_Instructions to follow_
Please retype, word for word, the line containing "Vue.js HTML5 Invoice" and every line after it through the end of the records, leaving out all pictures.

Image-caption web data
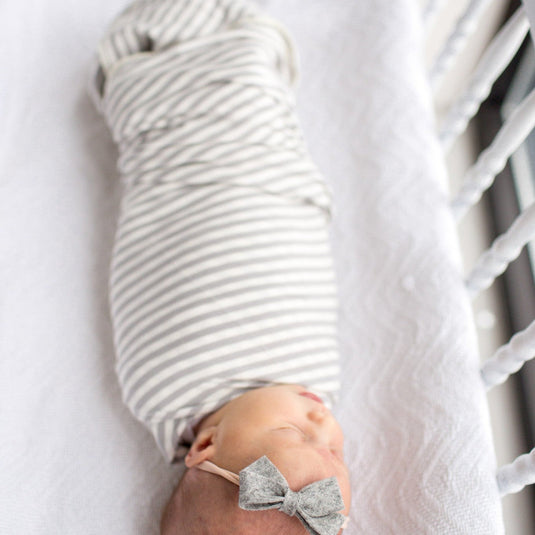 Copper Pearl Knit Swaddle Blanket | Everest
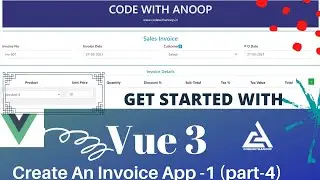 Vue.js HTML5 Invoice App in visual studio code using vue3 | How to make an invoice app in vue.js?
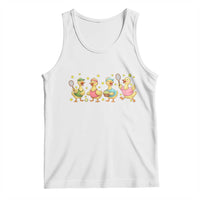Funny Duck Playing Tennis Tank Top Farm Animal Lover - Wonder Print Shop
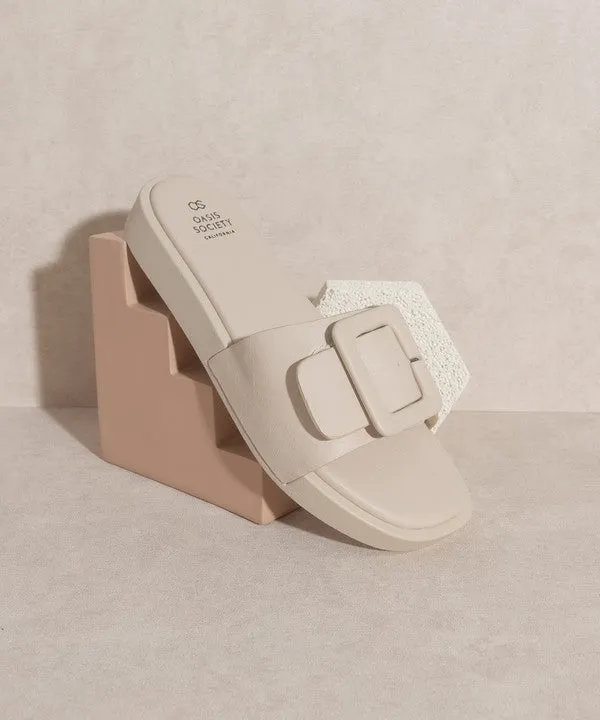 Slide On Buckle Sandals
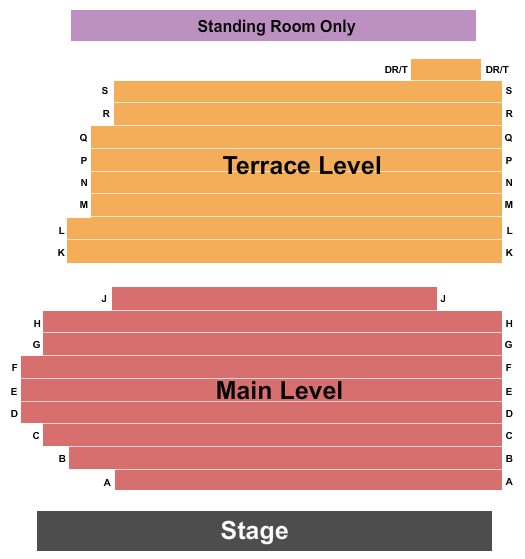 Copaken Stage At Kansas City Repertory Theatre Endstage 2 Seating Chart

_Answer area_
 Vue.js HTML5 Invoice App in visual studio code using vue3 | How to make an invoice app in vue.js?
Funny Duck Playing Tennis Tank Top Farm Animal Lover - Wonder Print Shop
 Slide On Buckle Sandals
 Copaken Stage At Kansas City Repertory Theatre Endstage 2 Seating Chart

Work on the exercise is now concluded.